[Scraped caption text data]
[Start of Attachment]
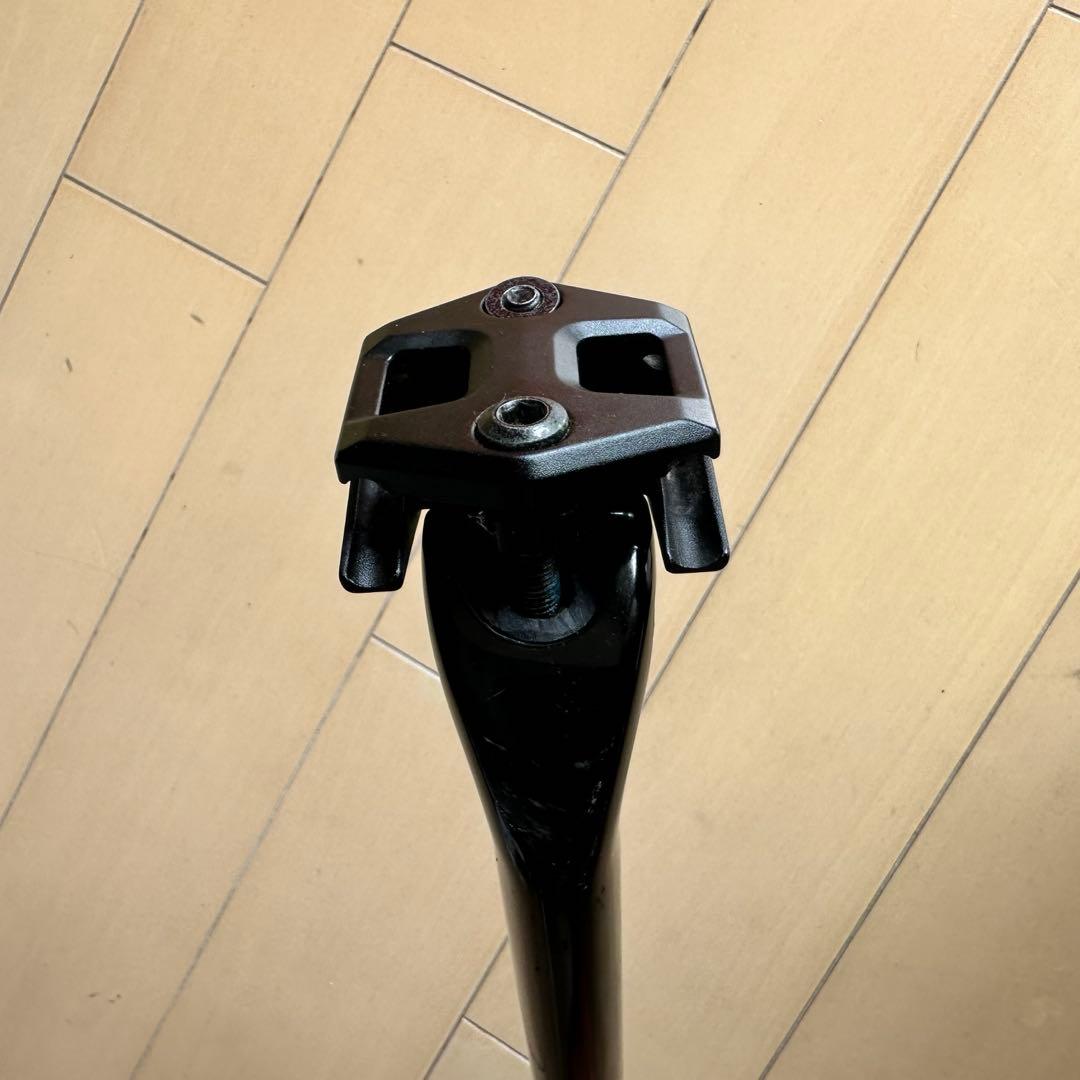 システムシックス　カーボンシートポスト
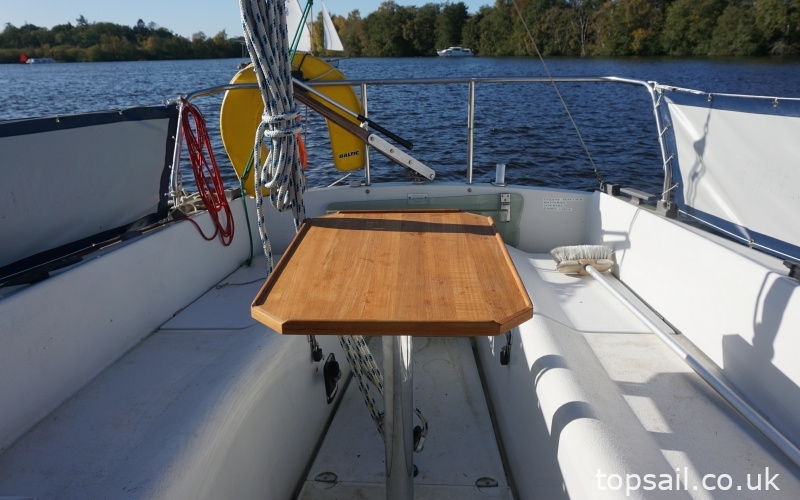 1988 Pegasus 700 (Shallow Fin, Diesel Inboard!)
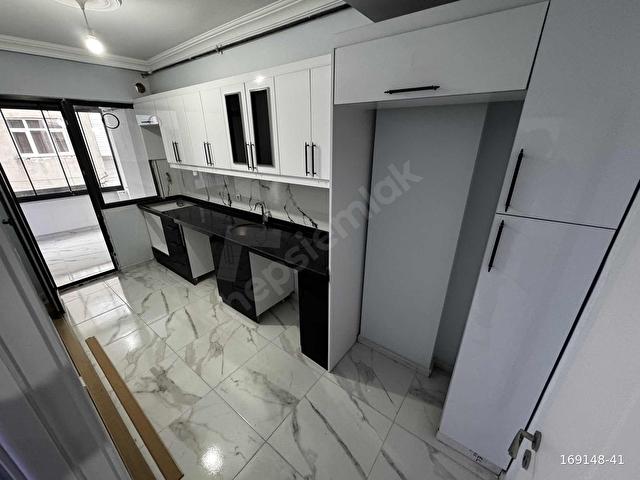 YEŞİLPINAR METRO 8 DAK SIFIR ASANSÖR+ÇİFT BALKON 1.KAT 2+1 110m2 - Görsel 14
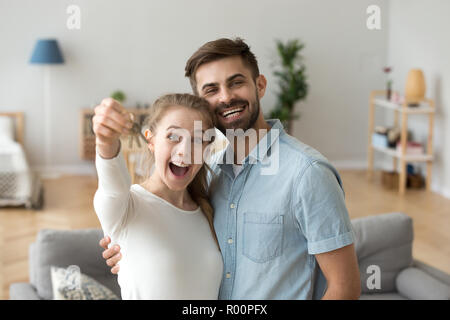 Verliebtes Paar steht im Wohnzimmer am neuen Haus Stockfoto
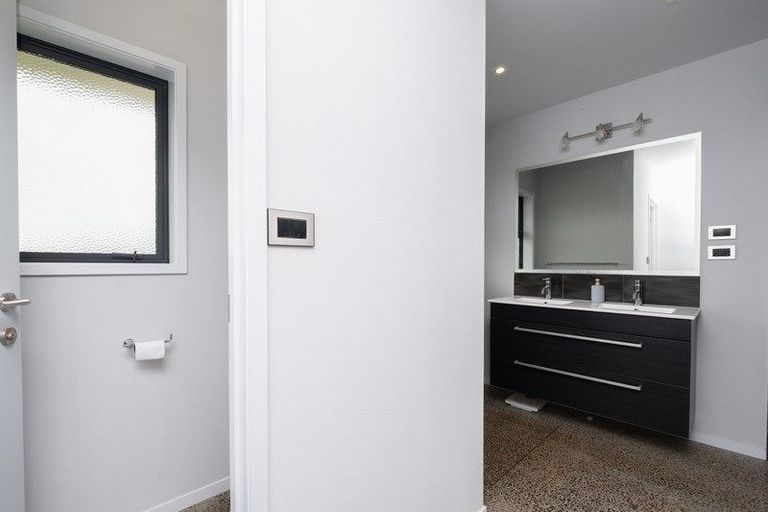 Photo of property in 60 Monmouth Road, Pembroke, Stratford, 4394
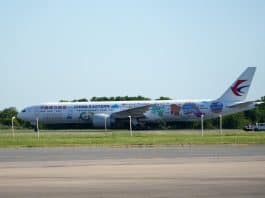 Avión de China Eastern con diseño colorido en pista.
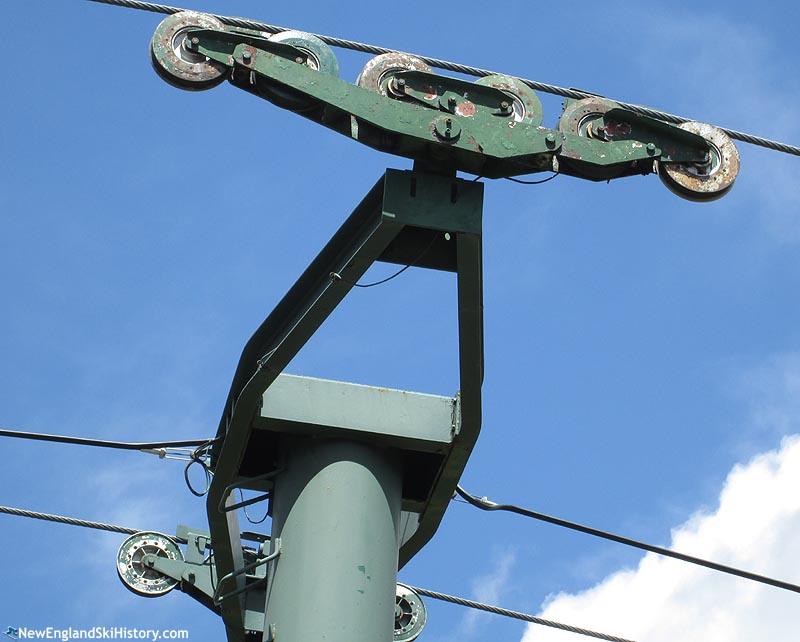 A cross arm (2015)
[End of Attachment]
> _Activity_
With the pictures left out, please output each line from the one containing "1988 Pegasus 700" through the end of the entries, exactly as it is.

> _Solution for this problem_
 1988 Pegasus 700 (Shallow Fin, Diesel Inboard!)
 YEŞİLPINAR METRO 8 DAK SIFIR ASANSÖR+ÇİFT BALKON 1.KAT 2+1 110m2 - Görsel 14
 Verliebtes Paar steht im Wohnzimmer am neuen Haus Stockfoto
 Photo of property in 60 Monmouth Road, Pembroke, Stratford, 4394
 Avión de China Eastern con diseño colorido en pista.
 A cross arm (2015)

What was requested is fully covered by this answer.